▸ **Exercise**
In the output, include exactly the lines from the beginning of the records up to and including the one that contains "If you forget, it'll", and leave out the pictures.
(Data shown Opens)
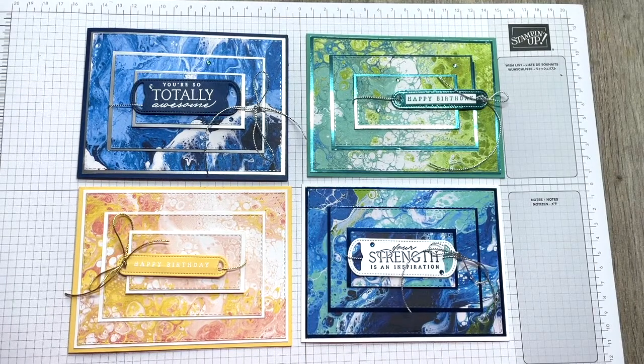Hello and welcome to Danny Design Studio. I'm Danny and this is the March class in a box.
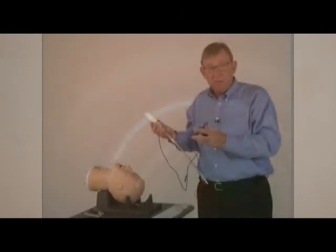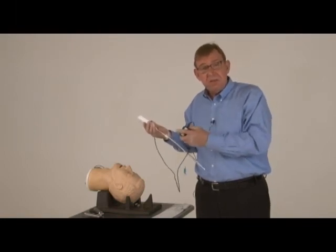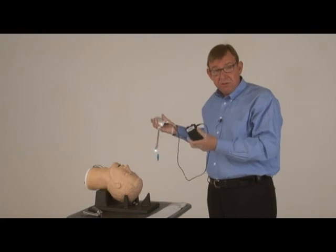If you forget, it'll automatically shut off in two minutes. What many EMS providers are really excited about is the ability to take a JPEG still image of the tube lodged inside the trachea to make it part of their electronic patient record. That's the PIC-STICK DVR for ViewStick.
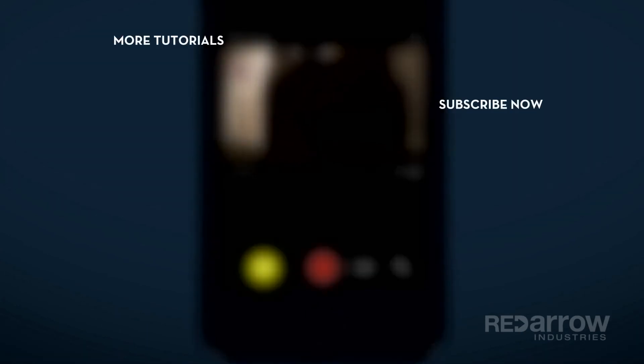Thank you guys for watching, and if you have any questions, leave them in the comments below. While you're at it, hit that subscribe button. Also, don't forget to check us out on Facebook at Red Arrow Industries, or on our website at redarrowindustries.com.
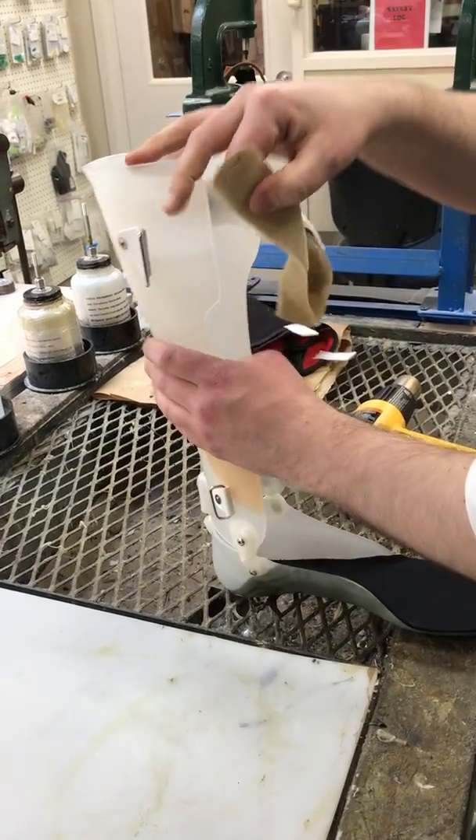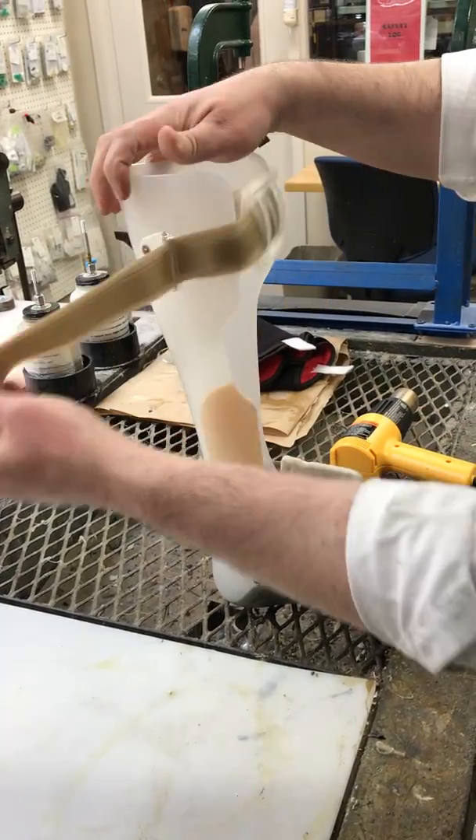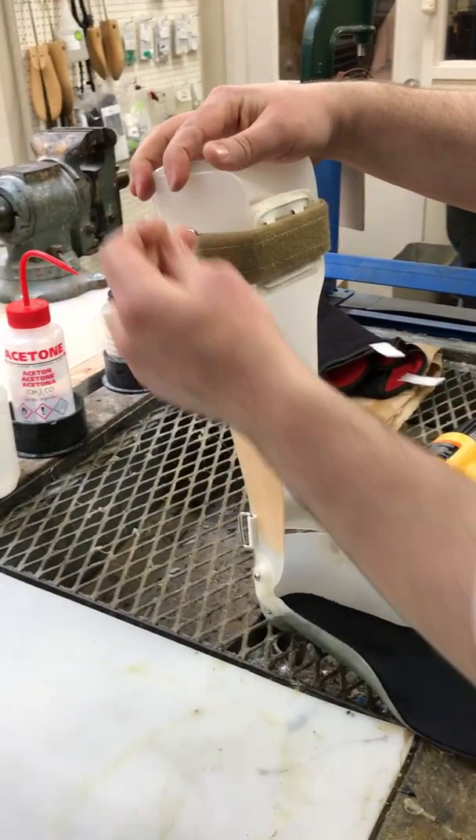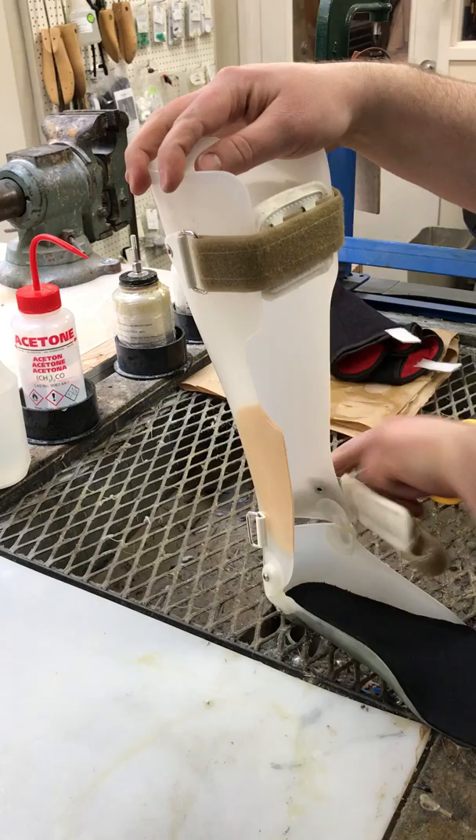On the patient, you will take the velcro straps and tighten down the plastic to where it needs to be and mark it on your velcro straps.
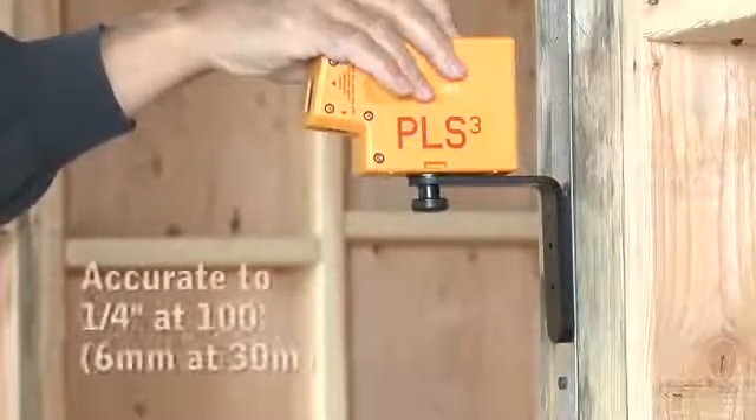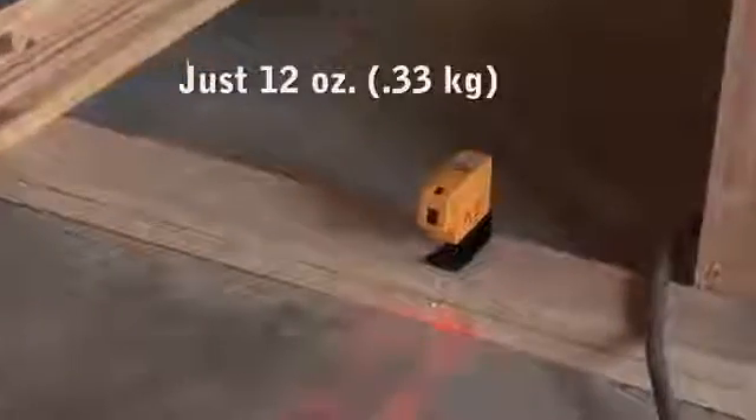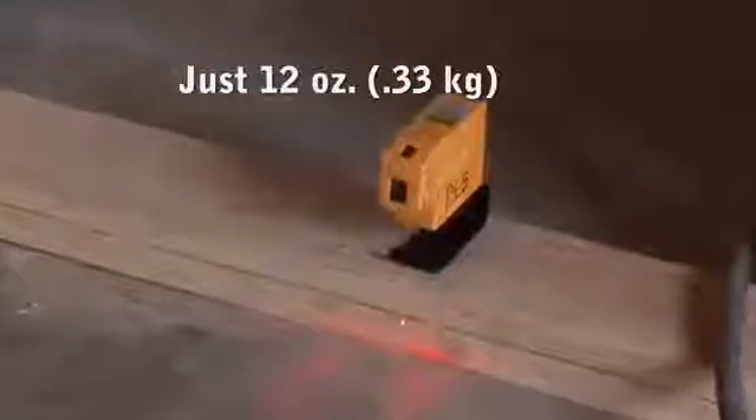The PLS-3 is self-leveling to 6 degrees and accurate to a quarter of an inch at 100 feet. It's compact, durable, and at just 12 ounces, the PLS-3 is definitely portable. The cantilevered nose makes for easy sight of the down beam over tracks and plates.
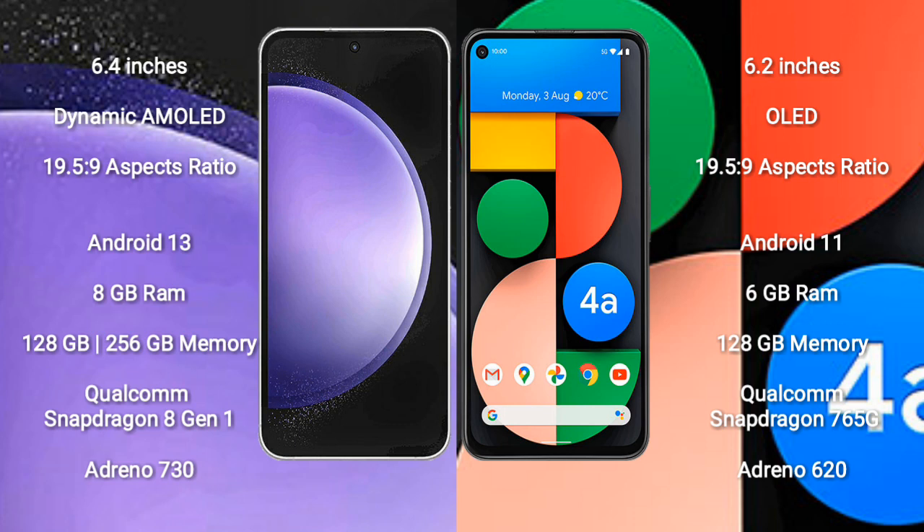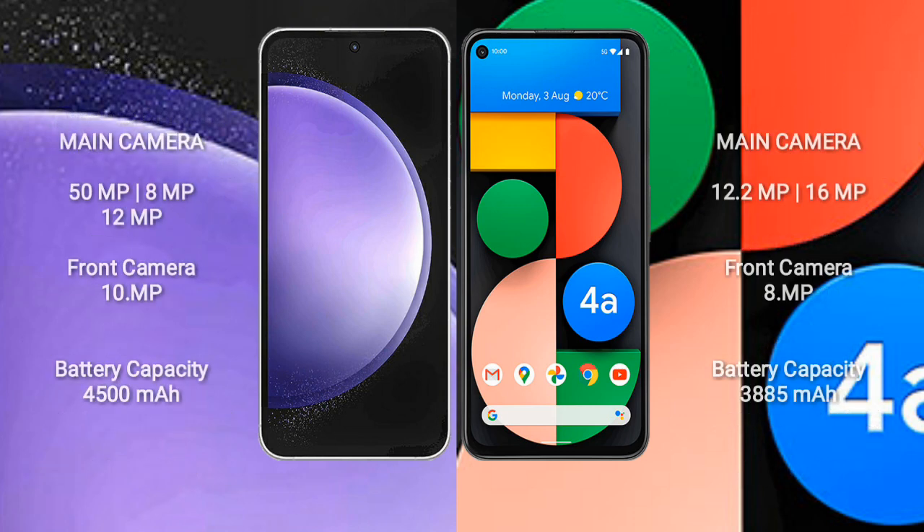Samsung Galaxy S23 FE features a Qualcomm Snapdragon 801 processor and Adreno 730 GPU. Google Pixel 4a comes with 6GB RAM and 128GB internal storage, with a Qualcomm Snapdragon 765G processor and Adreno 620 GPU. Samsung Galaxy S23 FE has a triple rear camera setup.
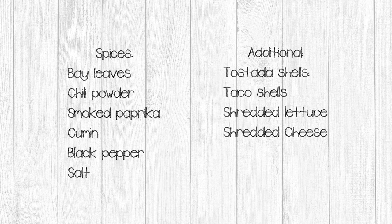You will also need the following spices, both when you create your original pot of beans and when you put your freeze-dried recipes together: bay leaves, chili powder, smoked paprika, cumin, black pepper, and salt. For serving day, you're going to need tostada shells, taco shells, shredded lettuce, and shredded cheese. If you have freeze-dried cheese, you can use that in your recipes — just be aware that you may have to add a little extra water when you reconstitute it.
(Data shown Closes)
▸ **Finished task**
Hello and welcome to Danny Design Studio. I'm Danny and this is the March class in a box.
If you forget, it'll automatically shut off in two minutes. What many EMS providers are really excited about is the ability to take a JPEG still image of the tube lodged inside the trachea to make it part of their electronic patient record. That's the PIC-STICK DVR for ViewStick.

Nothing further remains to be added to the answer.